Required action -> Below is a listing; transcribe it exactly but without any images.

Input data ->
= = = = =

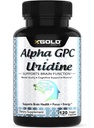 Alpha Gpc + Uridine 900mg – 强大的Nootropic for Boost Focus, 内存, 能量, Mood 和 认知性能 – 120 维基百科中的相关条目: 维基百科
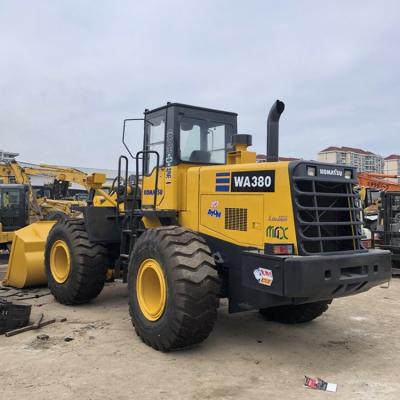 China Construction worksÂ   High quality used KOMATSU wa380 wheel loader, KOMATSU front loader, KOMATSU wa380-3 wa380-6 for sale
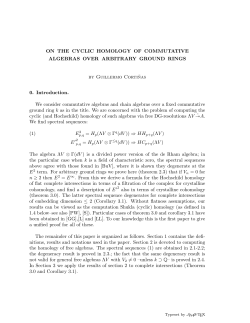 ON THE CYCLIC HOMOLOGY OF COMMUTATIVE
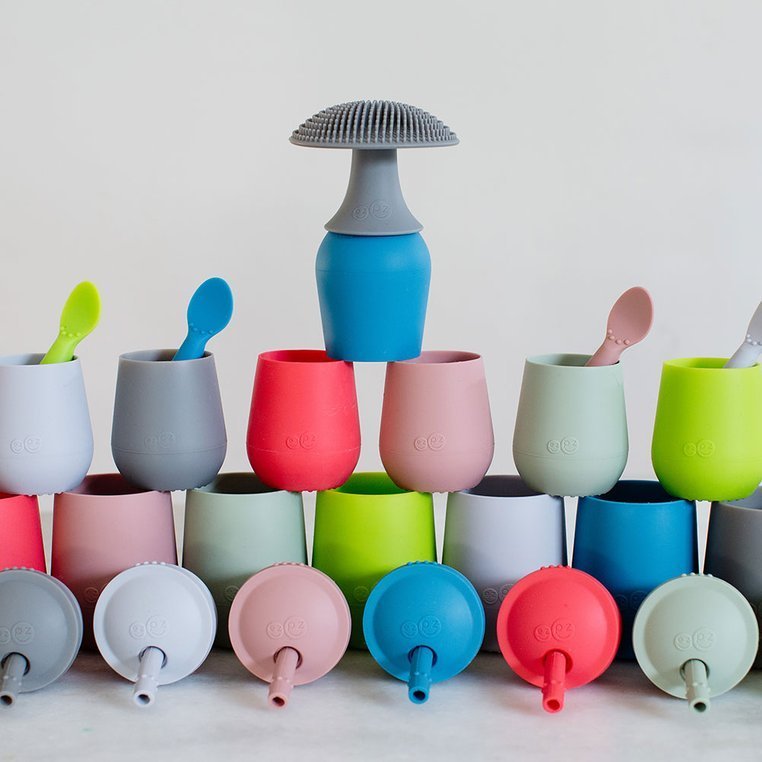 EZPZ, Silikonowa myjka czyścik do naczyń bez bakterii szara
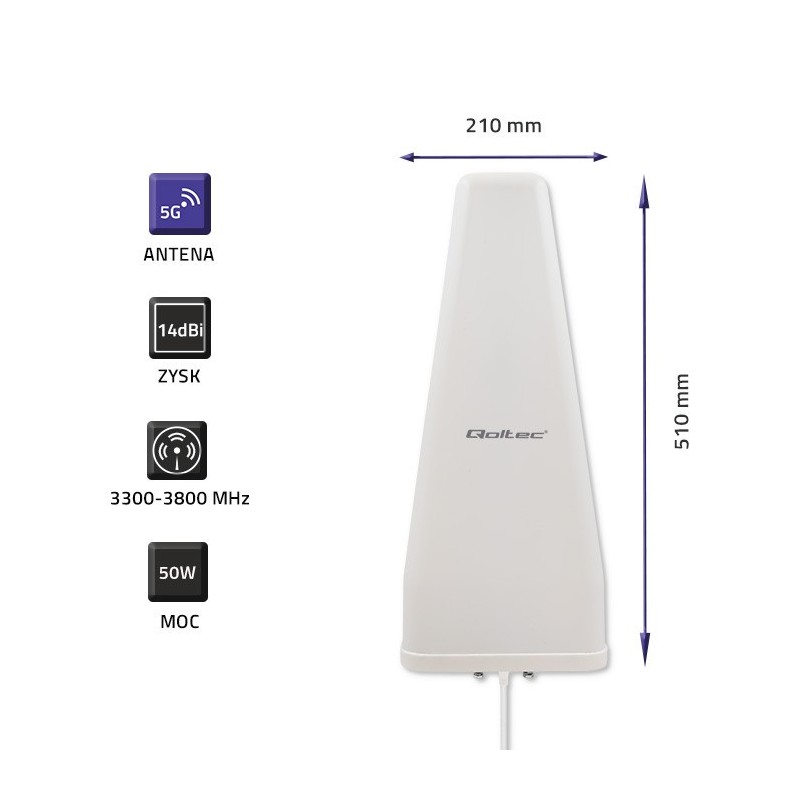 Antena 5G LTE DUAL | 14 dBi | Zewnętrzna | PartsPC.pl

= = = = =

Task response ->
 Alpha Gpc + Uridine 900mg – 强大的Nootropic for Boost Focus, 内存, 能量, Mood 和 认知性能 – 120 维基百科中的相关条目: 维基百科
 China Construction worksÂ   High quality used KOMATSU wa380 wheel loader, KOMATSU front loader, KOMATSU wa380-3 wa380-6 for sale
 ON THE CYCLIC HOMOLOGY OF COMMUTATIVE
 EZPZ, Silikonowa myjka czyścik do naczyń bez bakterii szara
 Antena 5G LTE DUAL | 14 dBi | Zewnętrzna | PartsPC.pl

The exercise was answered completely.